Is yohobuy.com converting its users into buyers effectively?
Yohobuy.com mid-size e-commerce site, ranked 1915 among the top websites in China. 1.1 million users visit this site every month. But, only 4.9% of these users buy products. We rate its effectiveness 6.8 out of 10. [1]
Visitors 1.1 million |
Registered 29% |
Enagaged 20% |
Buyers 4.9% |
|||||
Anonymous - 71% |
Unengaged - 80% |
Abandoned - 95.1% |
Conversion Stats
- Traffic: 1.1 million visitors every month through SEO/Ads/Retargeting.
- Signups: 71% of visitors stay anonymous. Only 29% of them sign up.
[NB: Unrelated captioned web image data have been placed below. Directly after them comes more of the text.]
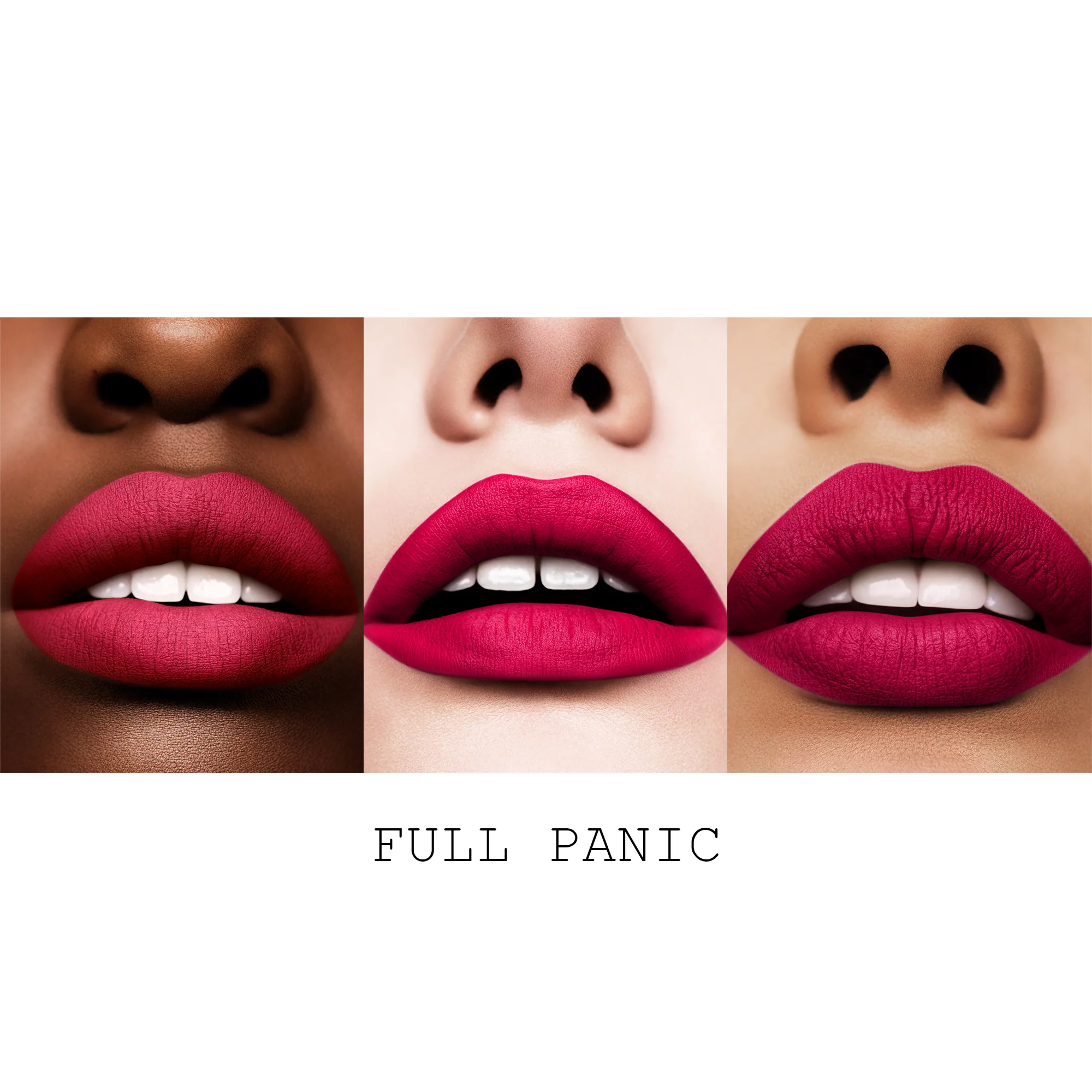 MatteTrance™ Lipstick - Image 164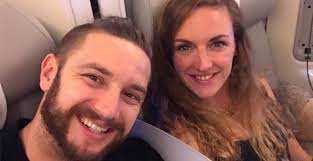 D'innocenzo e gaetani record nei 100do. All A Bal Shane Tusup Es Hosszu Katinka Kozott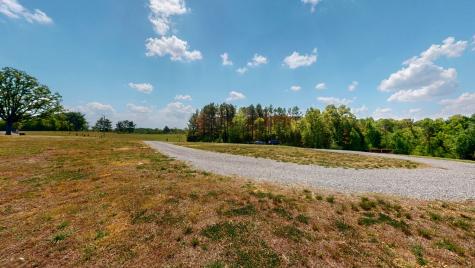 1656 Dibrell Lucky Road Mcminnville TN 37110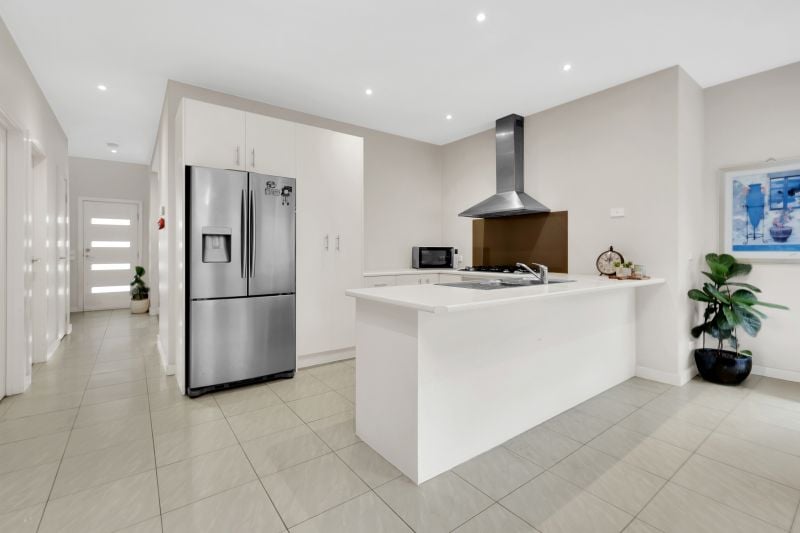 3 Granite Outlook, Epping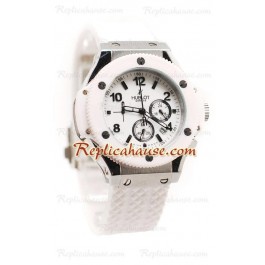 Hublot Big Bang 40MM Montre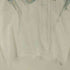 セブンバイセブン SEVEN BY SEVEN 23ss HALF SLEEVE TEE メンズ JPN:M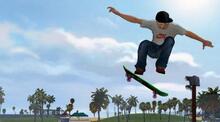 Tony Hawk: RIDE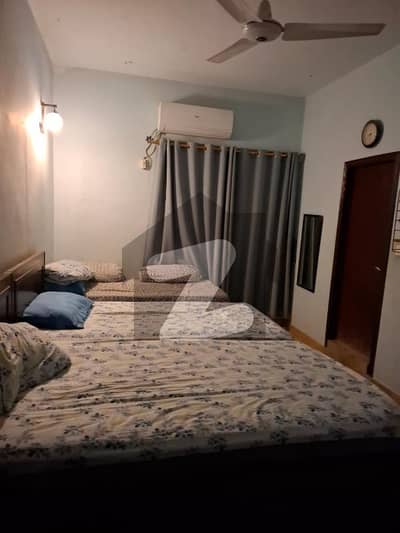 500 Sq. Yards Bungalow For Sale In Main   Nishat , DHA Karachi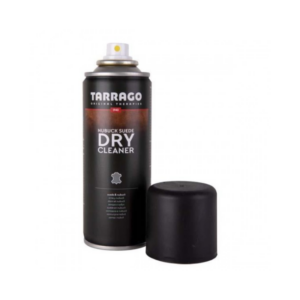 Tarrago - Nubuck Suede Dry Cleaner 200ml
- Engagement: 80% of registered users don't engage. Only 20% of them add products to cart.
- Conversion: Of the 20% users who add to cart, only 4.9% of them buy.
Comparing with its peers
We have classified yohobuy.com as a samaritan in its marketing effectiveness, when compared to its peers in China. It has relatively better engagement when compared sign ups.
Bottlenecks
It has 2 main bottlenecks in its marketing effectiveness:
1. Signups: 71% vistors don't signup
A huge number of the users who visit yohobuy.com do not sign up. This is especially prominent in mobile website, where 96% of users don't signup. Without user's identity, the products are not personalized for individual users and there is no further chance of engaging the user through email. This causes the largest conversion drop off at yohobuy.com.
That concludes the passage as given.